Now let me make this simpler for you so you don't have to sit around with a calculator.
The thing you want to look for when figuring out how a cell with perform at a certain amp level is the voltage sag. The voltage sag is an indicator of resistance going on ( just like in a wire ), which indicates a loss in efficiency and an increase in heat.
Compare the 0.2A and 5A discharge graphs to see what the voltage drop is relative to baseline performance at a super wimpy discharge..
Notice that we've got a difference of 3.45v to 3.7v, right in the middle of the discharge? well, a drop more than 0.2v is quite big. We've got a 0.25v loss though.
Let's do the math on the 5A scenario, using the voltages in the middle of the graph as the nominal voltages.

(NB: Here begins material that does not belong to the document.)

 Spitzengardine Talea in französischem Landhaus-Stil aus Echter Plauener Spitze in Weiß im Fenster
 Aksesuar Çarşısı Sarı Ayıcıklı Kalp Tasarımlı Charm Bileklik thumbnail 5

3.2AH x 3.7v = 11.84watt hours at a 0.2A discharge.
3.125 ah x 3.44v = 10.75 watt hours at 5A discharge.
We've got a 9.3% loss of energy to heat, so at 4000W, we're making 372W of heat, which is still pretty bad.

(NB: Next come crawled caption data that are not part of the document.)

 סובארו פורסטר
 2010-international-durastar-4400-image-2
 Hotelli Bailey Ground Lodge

You might say.. 'yeah, i can figure out how to disperse 372W of heat in this pack'.. and you could be right, when the pack is brand new.. but as it ages, it's discharge rating is going to go down as you put more cycles and calendar life on it.

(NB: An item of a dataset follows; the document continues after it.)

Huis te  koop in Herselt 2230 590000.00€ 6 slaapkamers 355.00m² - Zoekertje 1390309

I have 7 year old 20C turnigy packs here and their internal resistance has gone up 5X. They're effectively 4C rated packs by now. But i've always used them at 2C maximum, so i've always had lots of headroom. The amount of headroom you have is zero here. But your pack is going to need some form of cooling right out the gate, whereas my massive headroom has allowed me to just put my packs in a bag and forget about the thermal considerations.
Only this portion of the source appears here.